* DESCRIPTION OF THE TASK *
Without pictures, repeat exactly the lines from the one containing "Bifidobacterium longum for" through the end of the entries.

[Captioned web images]
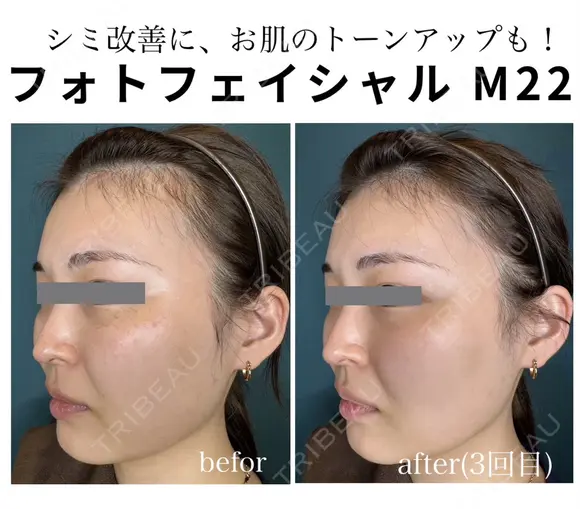 フォトフェイシャル M22・ステラM22（IPL） before画像 メイン用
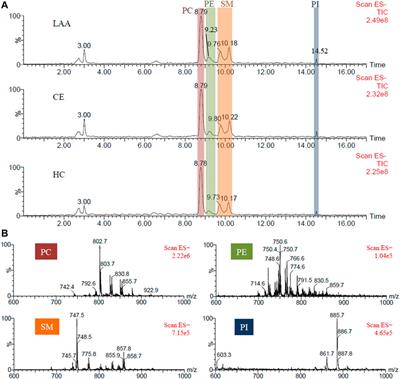 Screening of Phospholipids in Plasma of Large-Artery Atherosclerotic and Cardioembolic Stroke Patients With Hydrophilic Interaction Chromatography-Mass Spectrometry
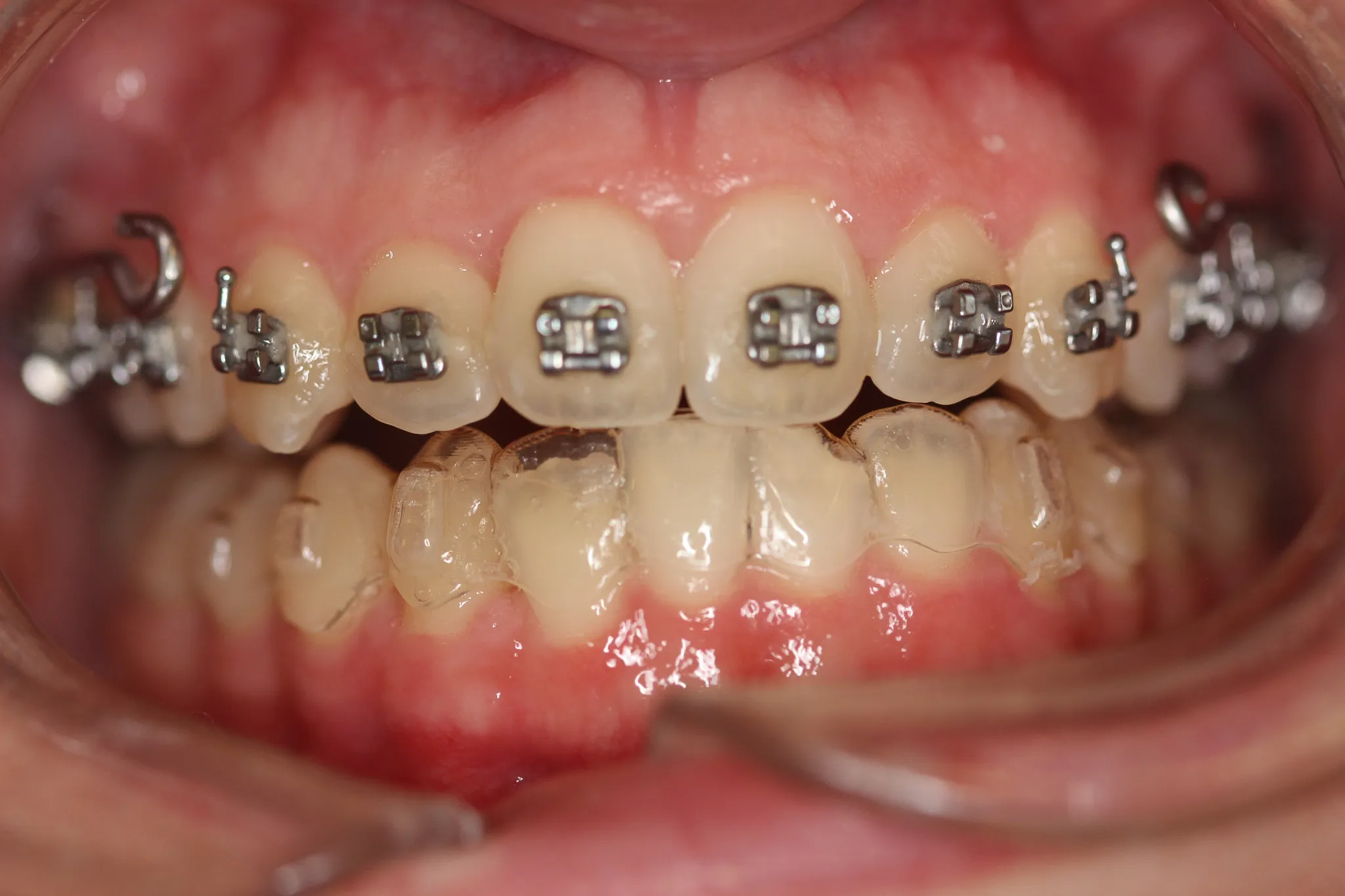 Traditional orthodontic bracket compared to clear aligner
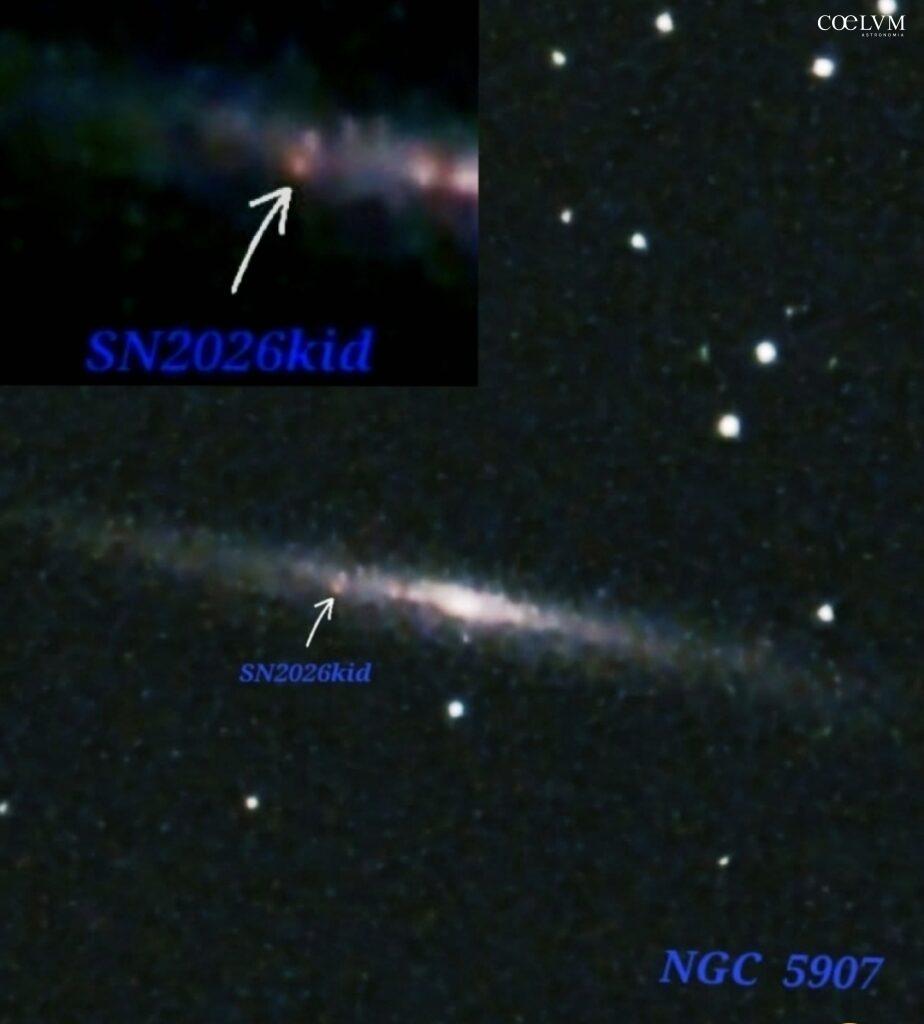 Supernova 2026kid
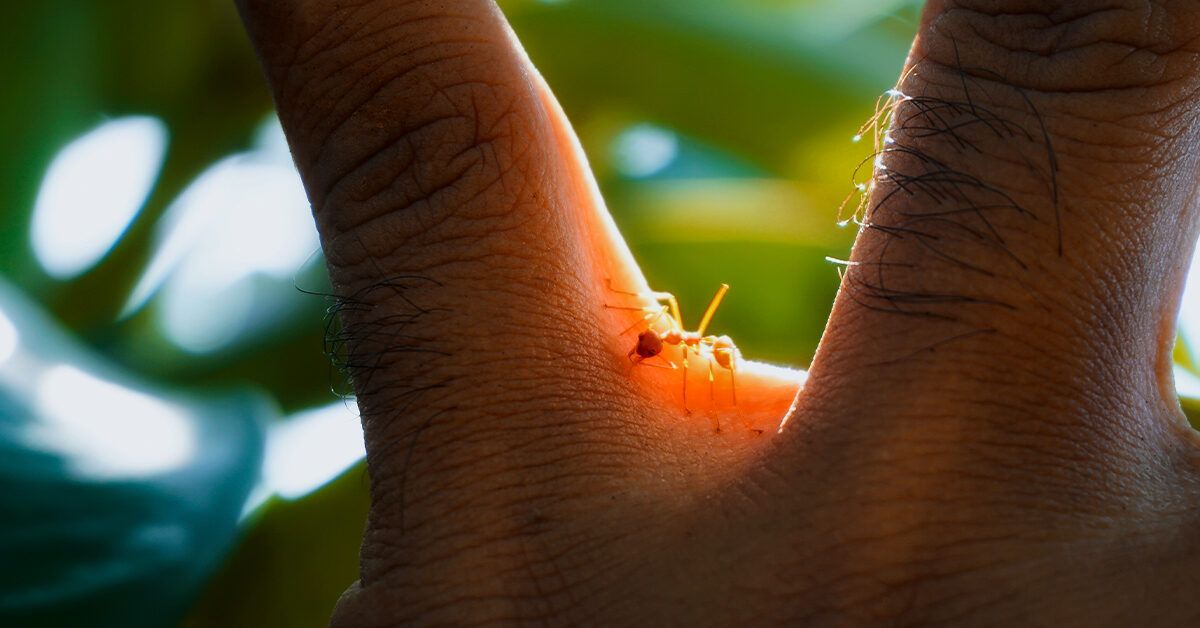 Are You Supposed to Pop Ant Bites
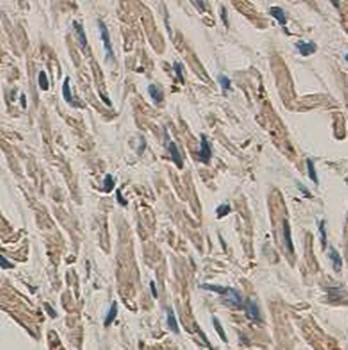 Alpha T Catenin Rabbit Polyclonal Antibody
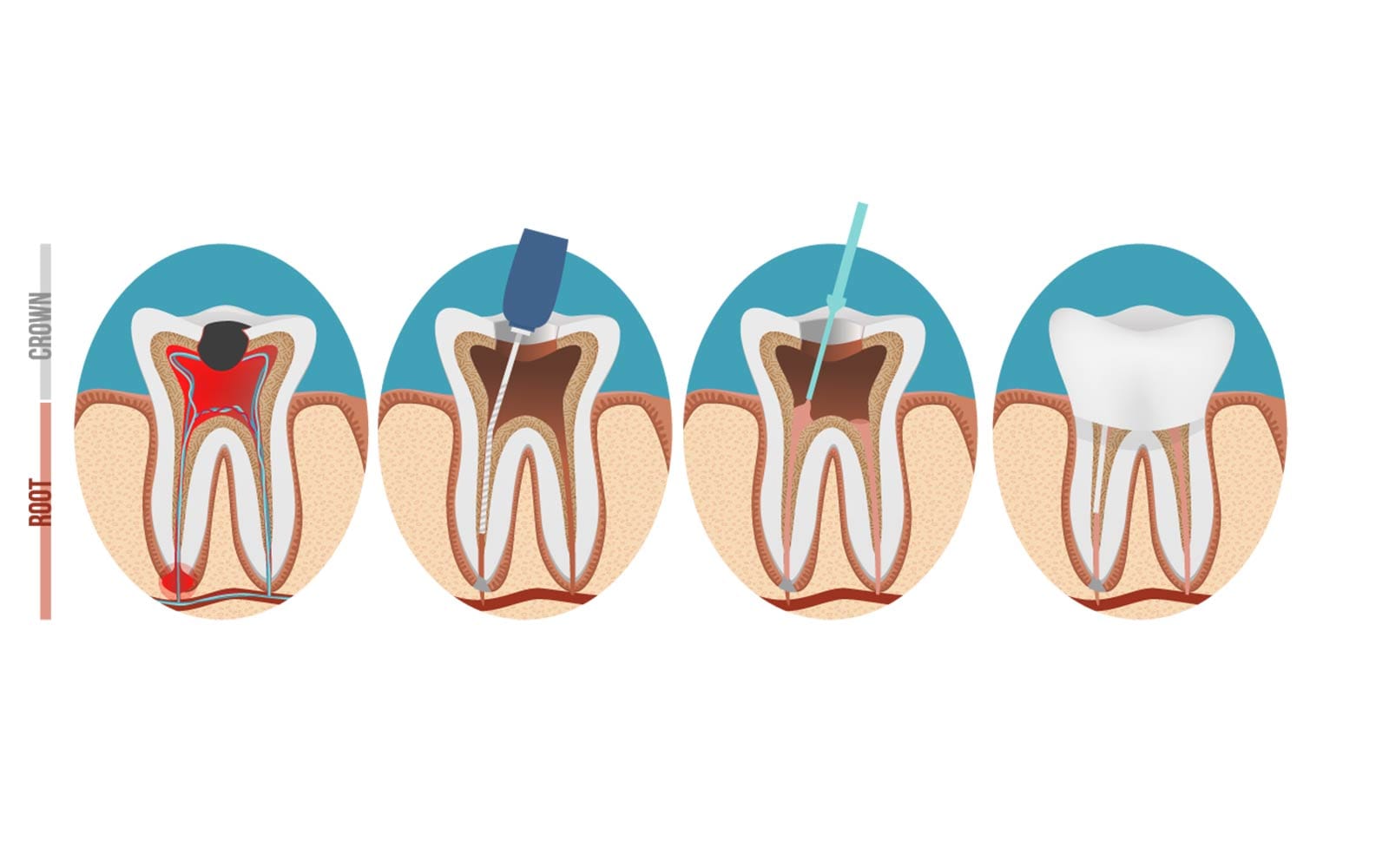 Cure canalari denti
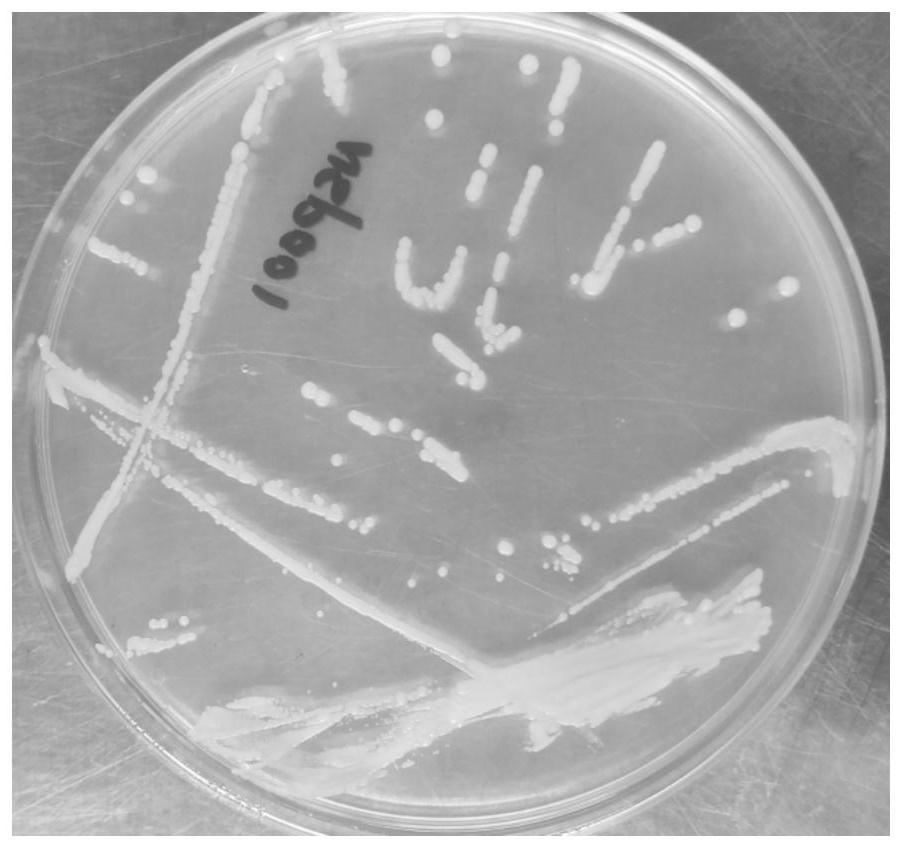 Bifidobacterium longum for relieving ulcerative colitis and application thereof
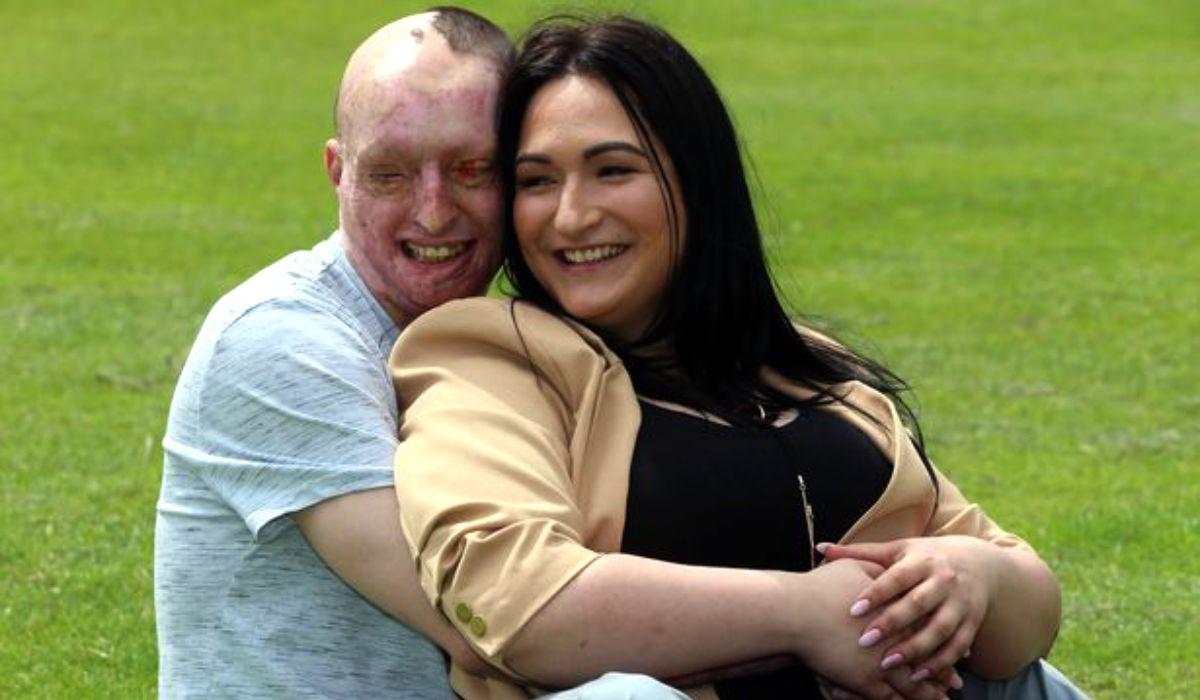 Românul desfigurat cu acid de logodnică, în Anglia, şi-a găsit sufletul pereche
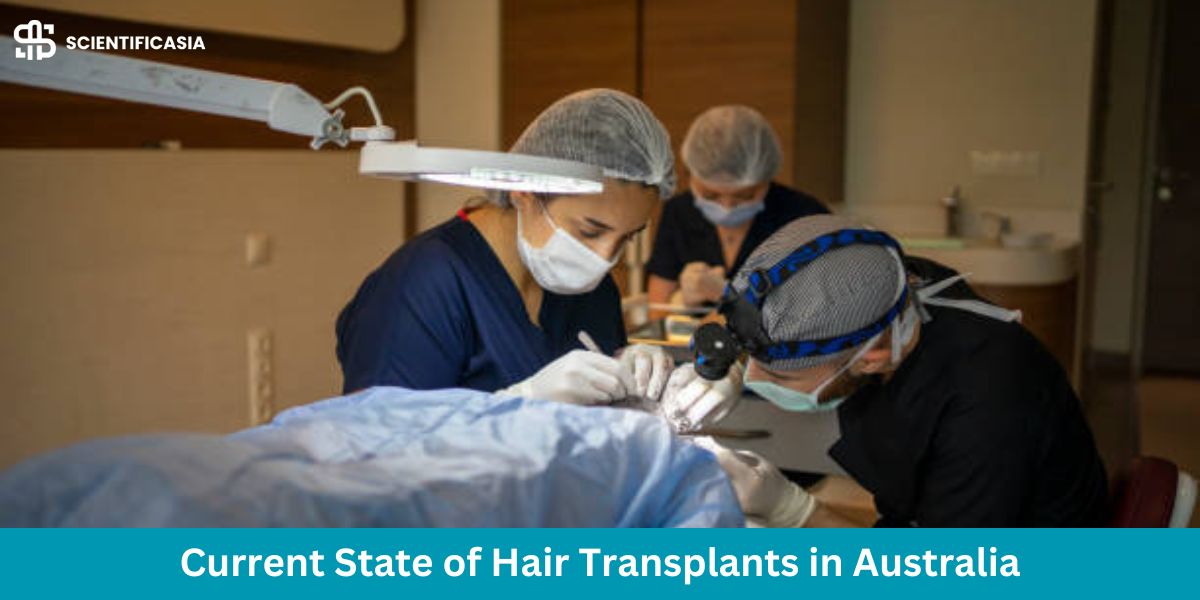The Current State of Hair Transplants in Australia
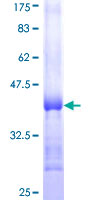 NCSTN / Nicastrin Protein - 12.5% SDS-PAGE Stained with Coomassie Blue.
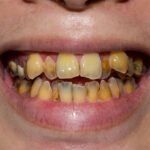 Comparison of reversible gingivitis vs permanent bone loss from periodontitis in Chula Vista.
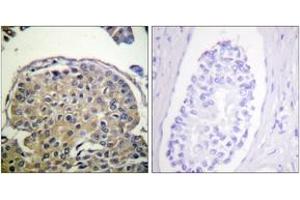 Immunohistochemistry analysis of paraffin-embedded human breast carcinoma, using CD227/Mucin 1 (Phospho-Tyr1243) Antibody. (MUC1 抗体  (pTyr1243))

* RESULT *
 Bifidobacterium longum for relieving ulcerative colitis and application thereof
 Românul desfigurat cu acid de logodnică, în Anglia, şi-a găsit sufletul pereche
The Current State of Hair Transplants in Australia
 NCSTN / Nicastrin Protein - 12.5% SDS-PAGE Stained with Coomassie Blue.
 Comparison of reversible gingivitis vs permanent bone loss from periodontitis in Chula Vista.
 Immunohistochemistry analysis of paraffin-embedded human breast carcinoma, using CD227/Mucin 1 (Phospho-Tyr1243) Antibody. (MUC1 抗体  (pTyr1243))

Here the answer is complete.